Among the entries below, only the lines from the one with "Front of Home." through the one with "Ein modernes Wohnzimmer" are to be retyped, exactly and without pictures.

==== EXCERPTED RECORDS

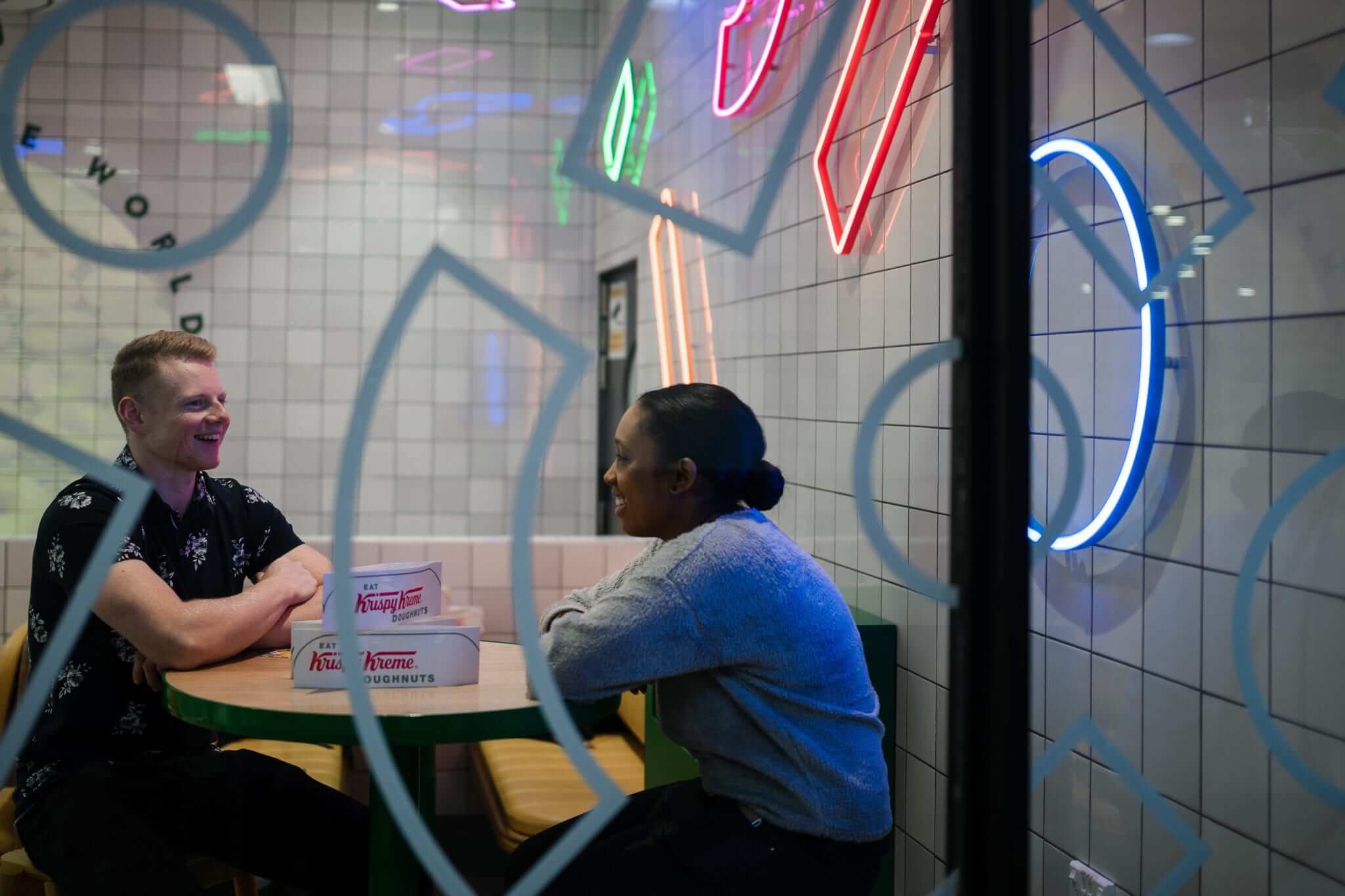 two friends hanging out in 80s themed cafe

========
==== EXCERPTED RECORDS

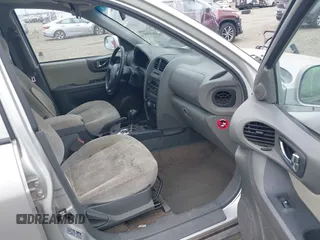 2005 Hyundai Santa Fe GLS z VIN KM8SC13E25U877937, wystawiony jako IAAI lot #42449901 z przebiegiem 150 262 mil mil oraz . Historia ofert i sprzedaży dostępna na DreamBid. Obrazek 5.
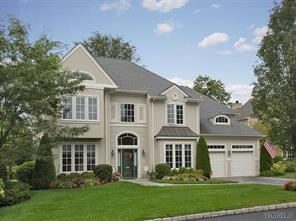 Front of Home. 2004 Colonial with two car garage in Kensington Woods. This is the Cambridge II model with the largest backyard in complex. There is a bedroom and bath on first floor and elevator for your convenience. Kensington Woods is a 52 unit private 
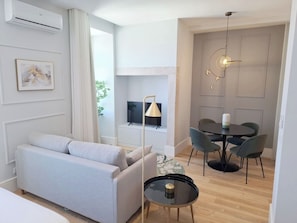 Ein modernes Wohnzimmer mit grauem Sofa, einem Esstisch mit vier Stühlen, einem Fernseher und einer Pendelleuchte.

========

[RESULT]
 Front of Home. 2004 Colonial with two car garage in Kensington Woods. This is the Cambridge II model with the largest backyard in complex. There is a bedroom and bath on first floor and elevator for your convenience. Kensington Woods is a 52 unit private 
 Ein modernes Wohnzimmer mit grauem Sofa, einem Esstisch mit vier Stühlen, einem Fernseher und einer Pendelleuchte.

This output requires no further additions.